Welcome to our dedicated page for TenX Keane Acquisition SEC filings (Ticker: TENKU), a comprehensive resource for investors and traders seeking official regulatory documents including 10-K annual reports, 10-Q quarterly earnings, 8-K material events, and insider trading forms.
Tracking TenX Keane Acquisition’s shifting trust balances, warrant conversions, and looming redemption deadlines can feel like decoding legal shorthand. A single 8-K about a proposed merger can reshuffle the entire capital structure, yet vital details hide behind jargon. Investors routinely ask, “How do I read TenX Keane Acquisition’s 10-K?” or “Where are TenX Keane Acquisition insider trading Form 4 transactions listed?” The complexity multiplies when extension votes and sponsor contributions appear in supplemental filings. That’s the problem we solve—extracting every material nugget from each page so you don’t spend hours toggling between EDGAR PDFs.
Stock Titan’s AI reviews every document the moment it hits EDGAR, then serves plain-English answers to natural questions like understanding TenX Keane Acquisition SEC documents with AI or “TenX Keane Acquisition 8-K material events explained.” Need a snapshot of unit redemptions inside the latest TenX Keane Acquisition quarterly earnings report 10-Q filing?

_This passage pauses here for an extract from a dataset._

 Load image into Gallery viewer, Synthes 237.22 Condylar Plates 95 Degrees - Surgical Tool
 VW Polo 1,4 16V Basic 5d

It’s summarised in seconds. Looking for TenX Keane Acquisition Form 4 insider transactions real-time or tracking TenX Keane Acquisition executive stock transactions Form 4? Alerts arrive as the forms are filed. Our platform also ties each datum back to its source so analysts can verify figures without scrolling through hundreds of pages.

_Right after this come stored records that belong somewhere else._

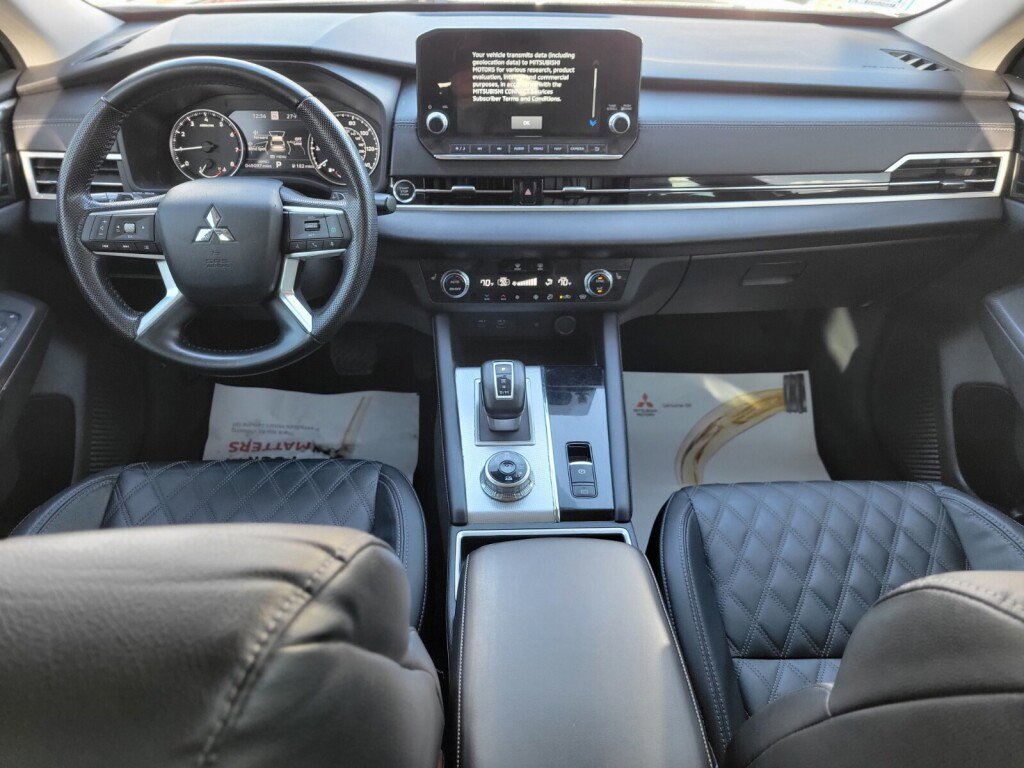 Used 2022 Mitsubishi Outlander SEL image 10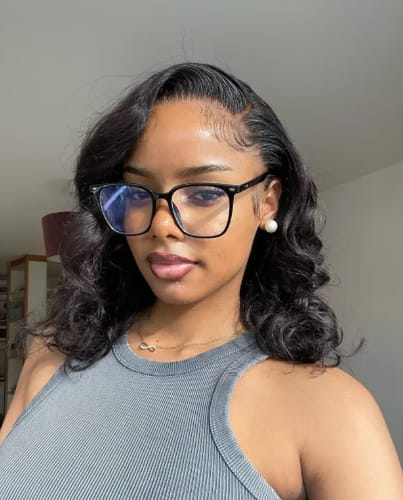 Customer photo review of Wavymy Face-Framing Curtain Bangs Layered Cut Body Wave Pre-Cut Lace Wear Go Glueless Pre-bleached Wigs 180% Density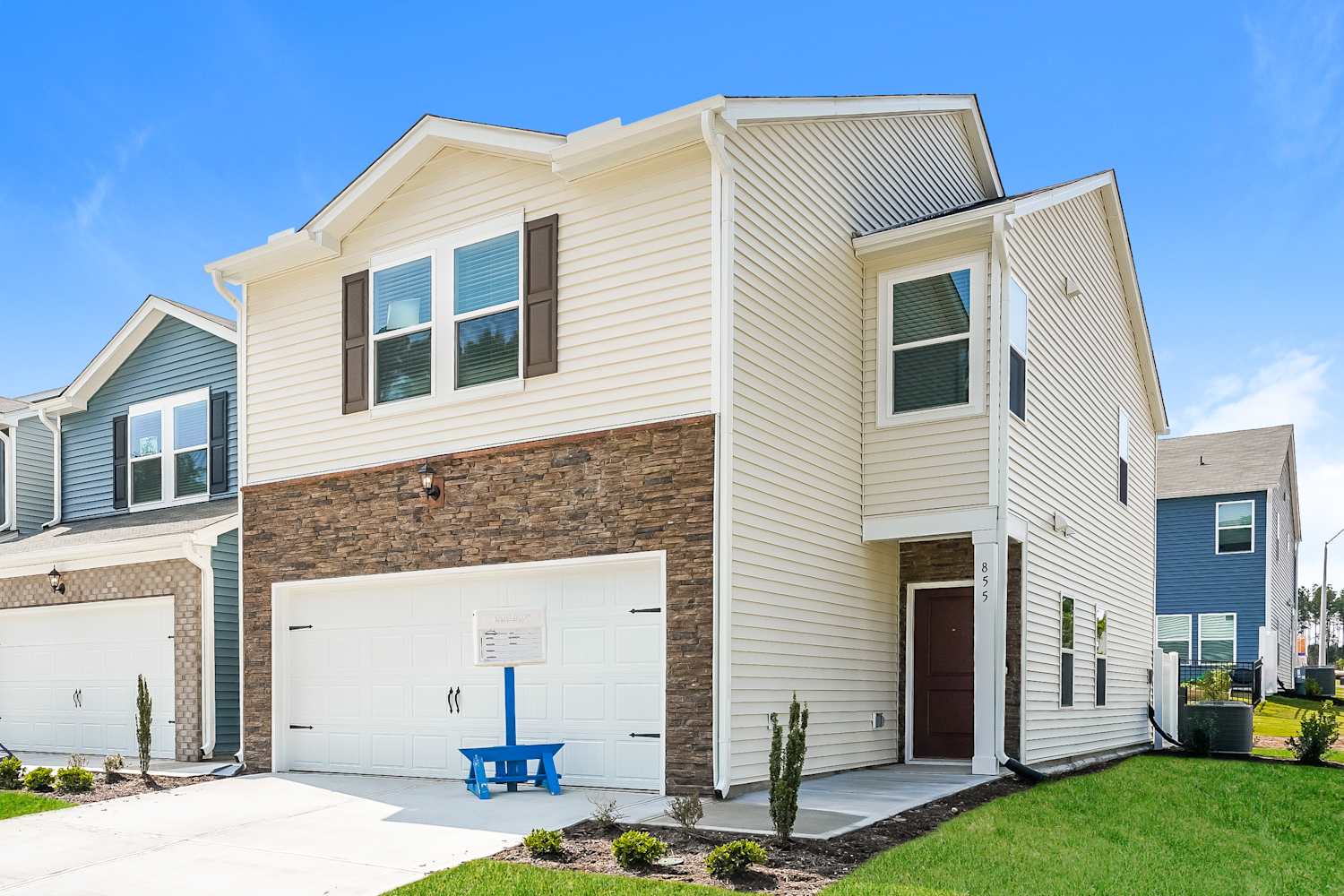 855 Hilton Park Loop photo 4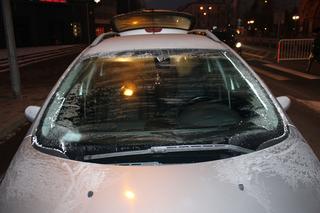 Pieszy potrącony na pasach w centrum Tarnowa. Kierowca go nie zauważył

Whether you’re modelling dilution ahead of a definitive merger agreement or comparing sponsor promote disclosures across years, our coverage spans every form: the TenX Keane Acquisition annual report 10-K simplified for trust asset reconciliation, the TenX Keane Acquisition proxy statement executive compensation, and in-depth TenX Keane Acquisition earnings report filing analysis. With AI-powered summaries, red-flag highlights, and real-time updates, you’ll move from raw data to confident decisions faster. No more hunting; find TenX Keane Acquisition SEC filings explained simply, organised logically, and available the moment they become public.
Uber Technologies, Inc. (UBER) filed a Form 4 indicating that director John A. Thain acquired 278 restricted stock units (RSUs) on 07/10/2025 under the company’s RSU Conversion and Deferral Program for Directors. The RSUs were 100% vested at grant and will settle on a one-for-one basis in cash or common stock, at the company’s election, on 07/16/2025. Following the transaction, Thain beneficially owns 278 derivative securities directly. No open-market purchase or sale of Uber common stock occurred, and Table I (non-derivative securities) shows no changes.
Citius Oncology, Inc. (Nasdaq: CTOR) has filed a Form S-1 to raise up to $15 million through a best-efforts offering of common stock, pre-funded warrants and five-year warrants, with Maxim Group acting as exclusive placement agent. The securities will be issued separately but sold together; warrant exercisability hinges on either shareholder approval or pricing conditions that satisfy Nasdaq Rule 5635(d). In addition, Maxim will receive placement-agent warrants equal to 5% of the securities sold.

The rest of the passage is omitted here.